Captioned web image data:
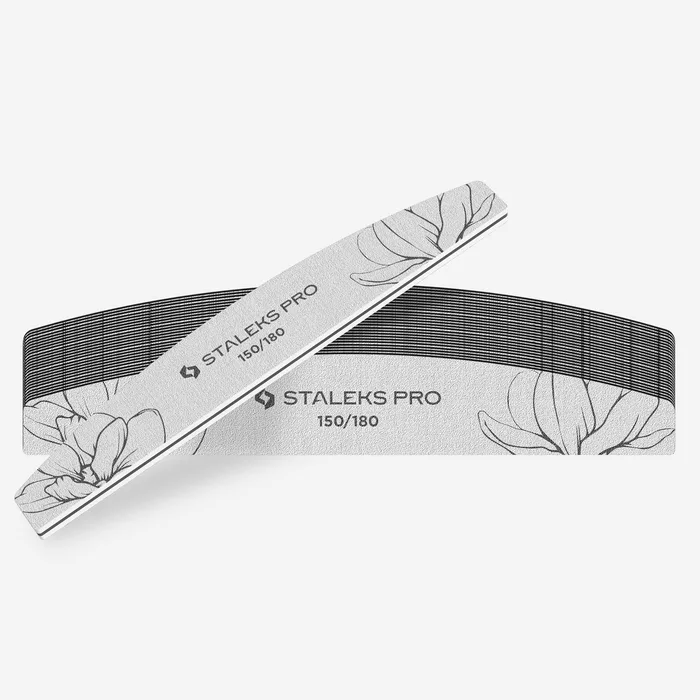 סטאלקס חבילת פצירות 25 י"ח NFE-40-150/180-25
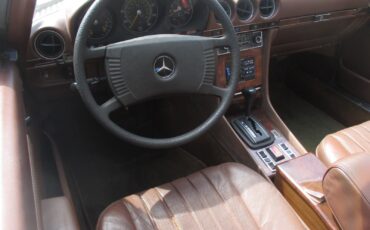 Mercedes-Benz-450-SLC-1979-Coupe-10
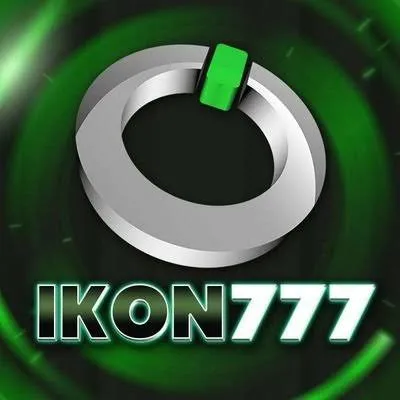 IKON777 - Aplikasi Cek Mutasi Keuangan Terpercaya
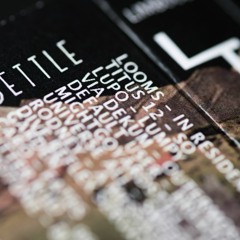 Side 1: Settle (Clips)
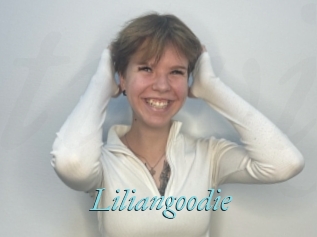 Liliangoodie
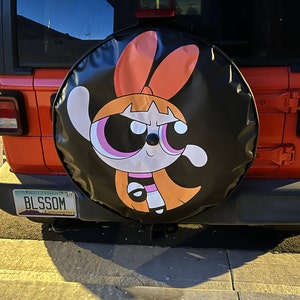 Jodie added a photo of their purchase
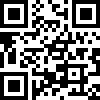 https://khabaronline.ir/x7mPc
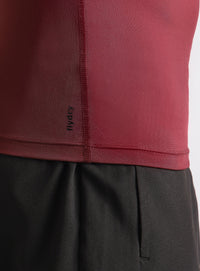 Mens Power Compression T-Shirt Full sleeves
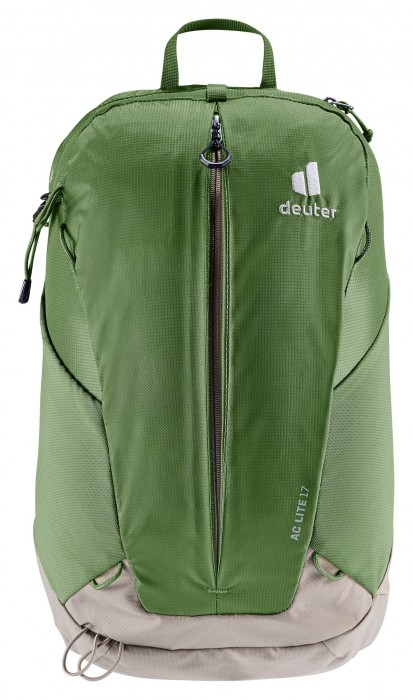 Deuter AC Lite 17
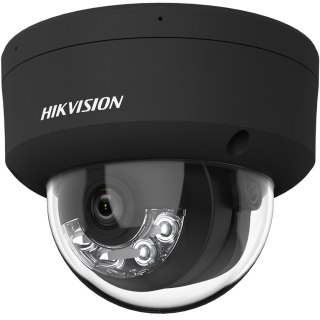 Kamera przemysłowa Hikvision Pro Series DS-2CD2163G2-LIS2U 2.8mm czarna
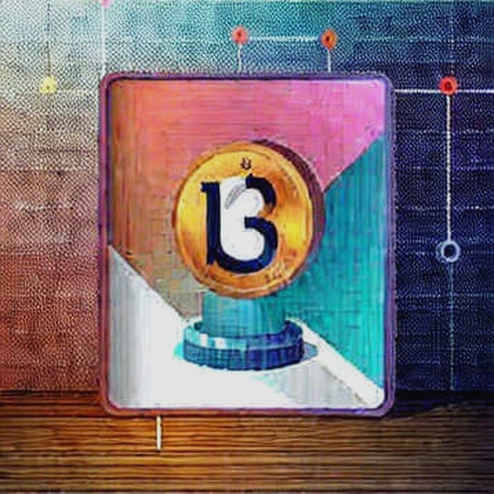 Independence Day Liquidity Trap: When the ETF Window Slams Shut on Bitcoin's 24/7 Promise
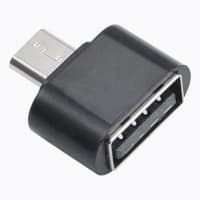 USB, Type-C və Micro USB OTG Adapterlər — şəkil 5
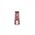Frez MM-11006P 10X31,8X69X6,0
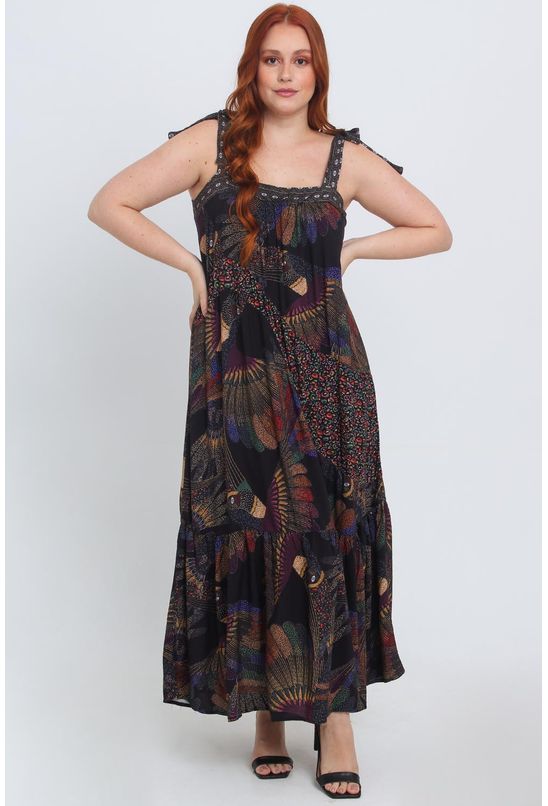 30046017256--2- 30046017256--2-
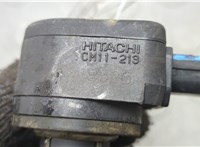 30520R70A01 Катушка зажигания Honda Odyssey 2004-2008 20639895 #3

:: Work instructions ::
Take the line containing "Side 1: Settle (Clips)" and every line after it to the end of the records, and restate them verbatim, with no pictures.

:: Reply to the task ::
 Side 1: Settle (Clips)
 Liliangoodie
 Jodie added a photo of their purchase
 https://khabaronline.ir/x7mPc
 Mens Power Compression T-Shirt Full sleeves
 Deuter AC Lite 17
 Kamera przemysłowa Hikvision Pro Series DS-2CD2163G2-LIS2U 2.8mm czarna
 Independence Day Liquidity Trap: When the ETF Window Slams Shut on Bitcoin's 24/7 Promise
 USB, Type-C və Micro USB OTG Adapterlər — şəkil 5
Frez MM-11006P 10X31,8X69X6,0
 30046017256--2- 30046017256--2-
 30520R70A01 Катушка зажигания Honda Odyssey 2004-2008 20639895 #3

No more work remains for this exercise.